Multiple Thrombosis Modifier Loci Identified Using a Sensitized Mutagenesis Screen

Thrombosis is a leading cause of mortality in the developed world. Of the natural anticoagulants, congenital deficiencies of antithrombin III (AT3) lead to the highest risk of venous thromboembolism. However, the lifetime risk of thrombosis for these patients is only ~30%, presumably due to unknown modifier genes. Danio rerio (zebrafish) demonstrate a high degree of conservation of the coagulation cascade. Combined with their high fecundity, optically transparent embryos and well-characterized genetics, they offer an ideal model for low-cost high-throughput in vivo screens. Previously, we generated and described a knockout of at3 in zebrafish using genome editing. Homozygous mutant adults exhibit a decreased lifespan due to massive intracardiac thrombosis by 6 months of age, yet embryos survive spontaneous thrombosis with a consumptive coagulopathy characteristic of disseminated intravascular coagulation (DIC). This embryonic phenotype results in fibrinogen depletion and they are unable to form occlusive thrombi following laser-mediated venous endothelial injury.

Here we use our at3^-/- mutant line as a sensitized hypercoagulable background to identify novel modifiers of thrombosis. We performed a genome-wide N-ethyl-N-nitrosourea (ENU) mutagenesis screen to discover dominant suppressor mutations that lead to increased survival. ENU treated at3^+/- males were crossed with at3^+/- females and offspring genotyped at 2-4 months of age. 53 at3^-/- mutants survived beyond 7 months, 23 produced offspring, and 5 established permanent lines. One mutant, frost, also demonstrated reversal of embryonic DIC.

Genomic DNAs from three frost mutants were evaluated by whole exome sequencing. An initial search of 54 known platelet and coagulation factor loci revealed a candidate missense mutation, C559F, in a highly conserved residue of the prothrombin (F2) heavy chain. The predicted deleterious mutation was not present in wild type stocks, zebrafish variant databases or the original mutagenized male. By 3 months of age, at3^-/- juveniles heterozygous for the C559F allele demonstrated significantly improved survival compared to wild type siblings (p<0.0001). At 2 years of age, all at3^-/- survivors were heterozygous for C559F (n=22). In order to definitively prove the f2 locus as the underlying cause of frost, we used TALEN genome editing to produce a separate knockout allele f2^Δ, and bred that into the non-mutagenized at3^-/- background. We found a significant increase in f2^+/Δ;at3^-/- survivors compared to f2^+/+;at3^-/- and f2^Δ/Δ;at3^-/- (p=0.006), demonstrating that partial knockdown of thrombin activity rescues at3^-/- adult lethality, and confirming f2 as the locus underlying the frost mutation. Among f2^+/+;at3^-/- embryos 82% exhibit DIC, but this decreases to 51% in f2^+/C559F;at3^-/-. However, f2^Δ does not have the same effect in the non-mutagenized at3^-/- background with 85% of f2^+/Δ;at3^-/- embryos demonstrating DIC. This suggests that thrombin deficiency is necessary to unmask a phenotypic rescue due to a putative second modifier in the frost mutant background.

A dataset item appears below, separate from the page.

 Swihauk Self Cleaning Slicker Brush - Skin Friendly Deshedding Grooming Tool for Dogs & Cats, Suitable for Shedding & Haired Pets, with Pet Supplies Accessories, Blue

Taken together, these data provide proof of principle for the validity of this screen and evidence that we have the power to identify novel dominant modifiers of prothrombin expression or thrombin function, including molecules outside of the canonical coagulation cascade. Furthermore, our data provide evidence for a second unknown locus modifying the embryonic DIC phenotype and acting epistatic to thrombin activity. Detection and characterization of this underlying gene may provide insight into the variable penetrance of thrombosis in patients with thrombophilic risk factors and offer new therapeutic options for treatment of DIC.